Passing the Buck
As human resources director for Fletcher-Thompson Inc., a 160-employee architecture and engineering firm in Shelton, Conn., Susan Pellerin is always looking for ways to hold the line on health care costs, which have been soaring 15% to 20% a year. Last year, she found one: health reimbursement accounts, or HRAs.
Such plans aim to reduce premiums by transferring more of the responsibility for managing health care costs to employees. In an HRA, a health insurance provider creates an account for each of your employees. You contribute a certain amount to each account--typically, about $1,500 to $2,500 a year. Your employees have access to a network of physicians and hospitals, as in any managed-care arrangement. But when they incur a medical expense, they pay for it out of their HRA. When the money is gone, subsequent payments come out of their own pockets. HRAs are typically offered in conjunction with a high-deductible medical plan, which kicks in when an employee's HRA has been tapped. For example, if you put $1,500 into an HRA, and offer a plan with a $5,000 deductible, your employees would be out $3,500 before the medical plan took effect.

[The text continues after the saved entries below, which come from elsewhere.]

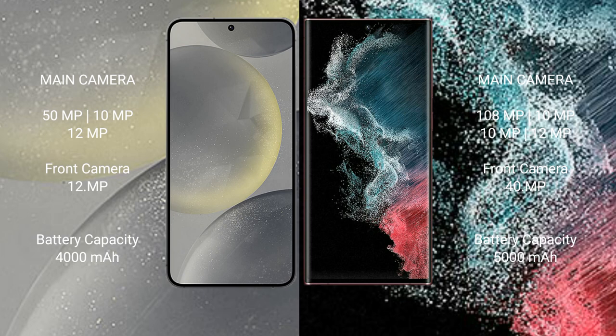Samsung Galaxy S24: 4000 mAh battery with 25 watt fast charging support. Samsung Galaxy S22 Ultra: 5000 mAh battery with 45 watt fast charging support.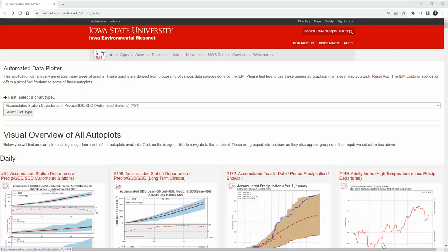One of the hardest parts of this whole process will be finding the chart that we're going to be working with in the next part of the video, and this is quite a process if you're not familiar with it. We're going to go to these charts through this URL up here, which will also be linked in the description below.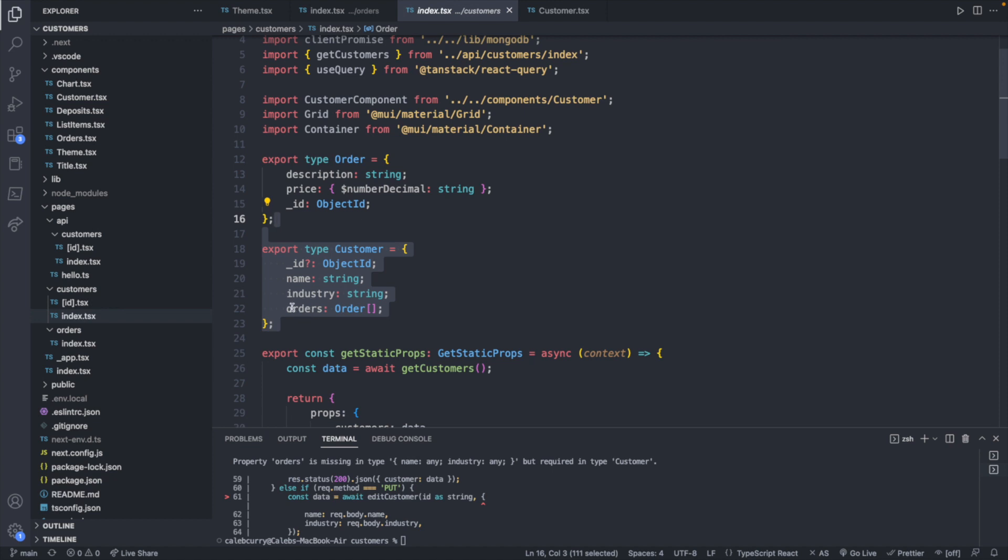The point is, we added orders here, which is an order array. However, some areas of our code are trying to adhere to this type, but are not quite matching this format. So when you introduce a new type, first off, you have to think about are all the customers going to have an array of orders?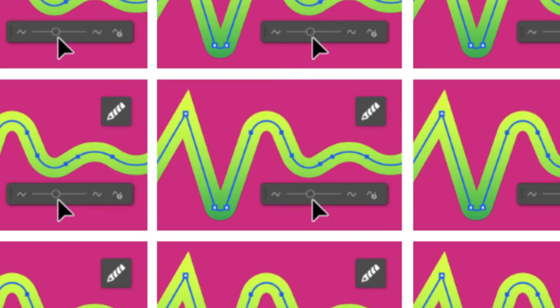Simplify paths with a smooth slider. Control the smoothness of paths using a slider.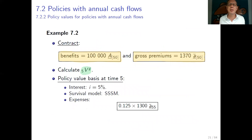This is the end of the first video on policy values. In the next video we will illustrate all these definitions of net policy value and gross policy value with a series of examples. Thank you for your attention.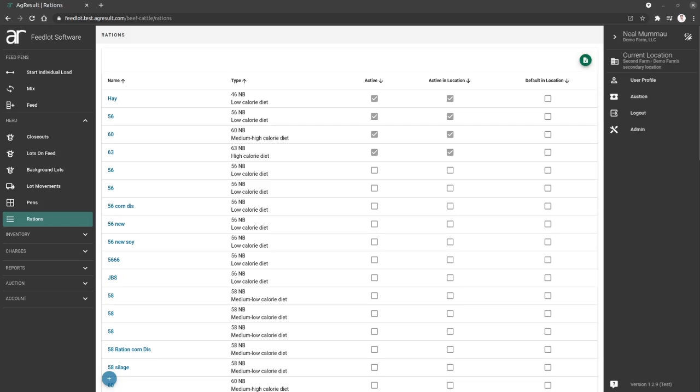As you probably know, a ration is just a formula of commodities that you want to feed to your animals. We're going to jump right in and begin creating a new ration.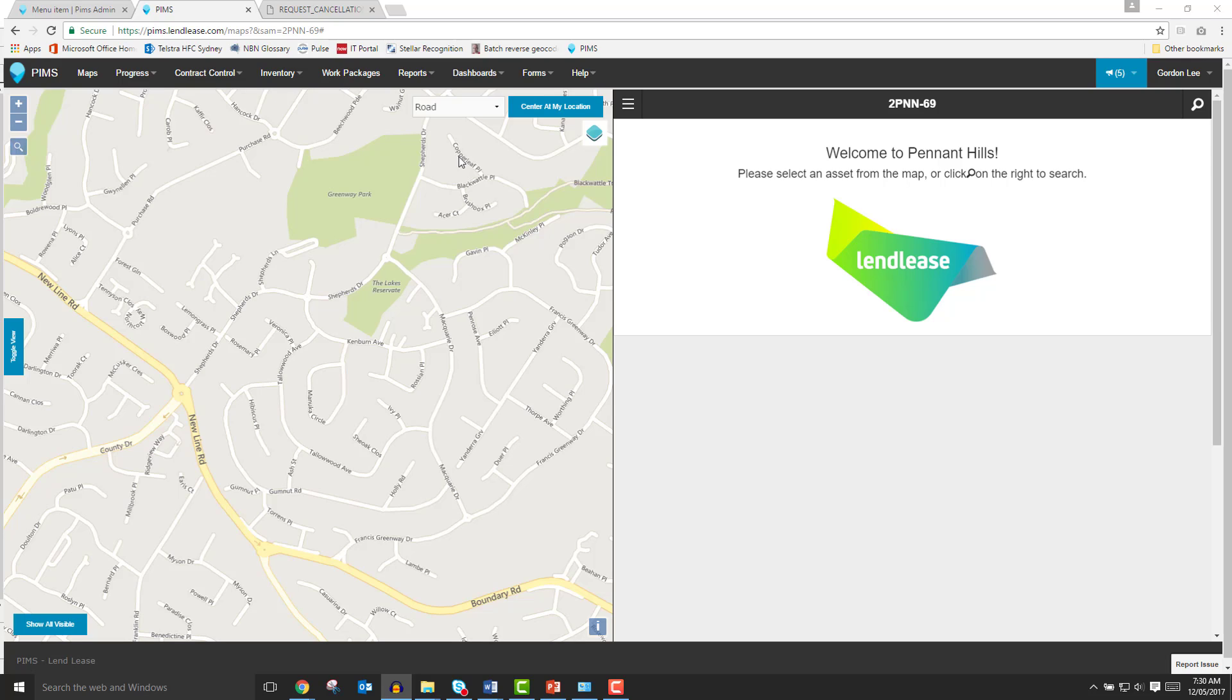In the top right corner of the map panel is the Center at My Location button. This feature is designed for use on mobile devices and makes use of your phone or tablet's GPS services. Once tapped, it will center the map on the best GPS fix your device has for your current location.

Think of it this way: Most current health insurance arrangements resemble an all-you-can-eat buffet in Las Vegas. Cough up the copay and take what you want, whether an MRI or an office visit. HRAs, on the other hand, create an incentive for employees to "treat each doctor's visit or prescription with more scrutiny," says Devon Herrick, a health care economist with the National Center for Policy Analysis in Dallas. To avoid dipping into their own pockets, the theory goes, employees will opt for cheaper, generic drugs, or think twice before a frivolous trip to the doctor.
That made sense to Fletcher-Thompson's Pellerin, who switched to an HRA plan about a year ago. "It seems only natural that if you want to get a handle on costs, you need to involve the people using the product--employees," she says. Fletcher-Thompson now puts between $600 and $1,200 a year into employees' HRAs, depending on the number of people in the person's household. Employees use the funds for copayments, prescriptions, and any other expenses; after the HRA is used up, the copays come from their own pockets. Only a handful of employees have spent the entire amount, Pellerin says, and the company's total costs have dropped 10%.
Not everyone is impressed. Mila Kofman, a professor at Georgetown University's Health Policy Institute, finds it hard to believe that employees will actually cut back on their health care spending. What's more, she points out, thriftiness today could be catastrophically expensive tomorrow. The money saved by skipping, say, a cholesterol screen would be more than outweighed by the costs of treating a heart attack down the road. "There's no question that this is a lesser benefit," says Robert Natt, CEO of MBI, a Waltham, Mass., software company that administers debit cards for HRAs.
But HRAs are an alternative to cutting coverage altogether, Natt adds. Unused money rolls over from year to year, so if you don't need much care for a few years, there should be enough to cover the costs when health woes finally strike. Of course, as with many health insurance fixes, HRAs do little to help those who actually need care. "None of this goes to the core reasons why health care prices are going up," says Kofman.
Still, HRAs appear to be catching on. Many major health insurance providers--including Oxford and Aetna--began offering them last year. Some 1.5 million people are now covered under "consumer-directed health plans," according to a study in the journal Health Affairs. By 2005, such plans will account for 20% of the market, the survey found; by 2007, the number could hit 50%. So employees should eat up now. The days of the "copay buffet" may be numbered.